Nine Parts of Desire: The Hidden World of Islamic Women by Geraldine Brooks
Rating: 2 out of 5 stars
I've read nearly all of Geraldine Brooks' books -- and for the most part -- have loved them all. This one just didn't do anything for me.
The consensus amongst our book group members was mixed as well -- the majority of them didn't finish the book -- or -- skipped various chapters and moved on to others. I read all but the last two chapters, because I felt like the author just continually repeated herself through out the book. From the discussion we had tonight, I don't think I missed anything substantial.
Ms. Brooks experience in the Middle East is legendary. She spent many years covering the first Gulf War as a reporter for the Wall Street Journal. I don't doubt her expertise. My biggest complaint about this book was from the opening page, then author seemed to have an agenda against the Islamic faith. That she was out to prove that all Islamic women should abandon their religious garments, and in many ways, "burn their burqas" (much like burning your bra) in order to become feminists.
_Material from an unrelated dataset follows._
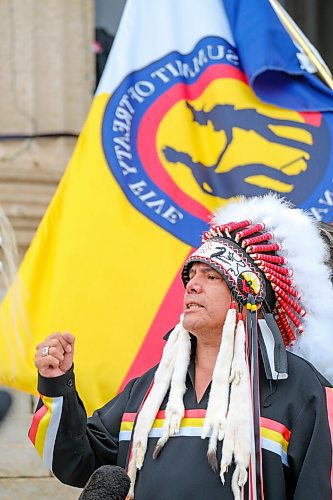 MIKE DEAL / WINNIPEG FREE PRESS
MKO Grand Chief Garrison Settee along with other chiefs from the Treaty 5 First Nations gather on the front steps of the Manitoba Legislative building Monday morning to announce an action plan to combat hate crime and racism. 
210719 - Monday, July 19, 2021.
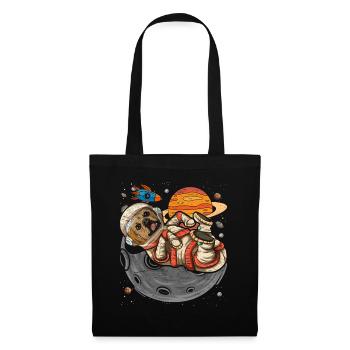 Galaxie Astronaut Hunde Geschenk Weltraum Puggle - Stoffbeutel - Schwarz - Vorne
Granted, in the forward from the publisher it reads, "Brooks' acute analysis of the world's fastest growing religion deftly illustrates how Islam's holiest texts have been misused to justify repression of women, and how male pride and power have warped the original message of a once liberating faith." But I was hoping for more balance in her writing and less "axe grinding." Also, as a Mormon, who is often reading about my religion from a non-members perspective, I kept wondering, "How much of this is correct?" Because when reporters or writers are writing about my faith, inevitably, they always have something wrong.
Another issue I had, and this isn't the fault of the author, but the book seemed dated. This was published in 1994, long before 9/11, and our wars with Afghanistan and Iraq. Islam has become far more militant since these events, with the rise of the Taliban and Al Qaeda -- and her stories and analysis didn't measure up to current events.
None of our book group members know anyone personally that is a Muslim. It would have been nice if we could have had a a guest speaker at our book group -- a Muslim woman who could explain where Ms. Brooks was on track, and where she wasn't. Unfortunately, we had to decipher those things on our own.
But as is ALWAYS the case, the discussion was lively and I came away having learned so much from the book and my fellow groupies.
This book was one of my original selections for the Women Unbound Challenge.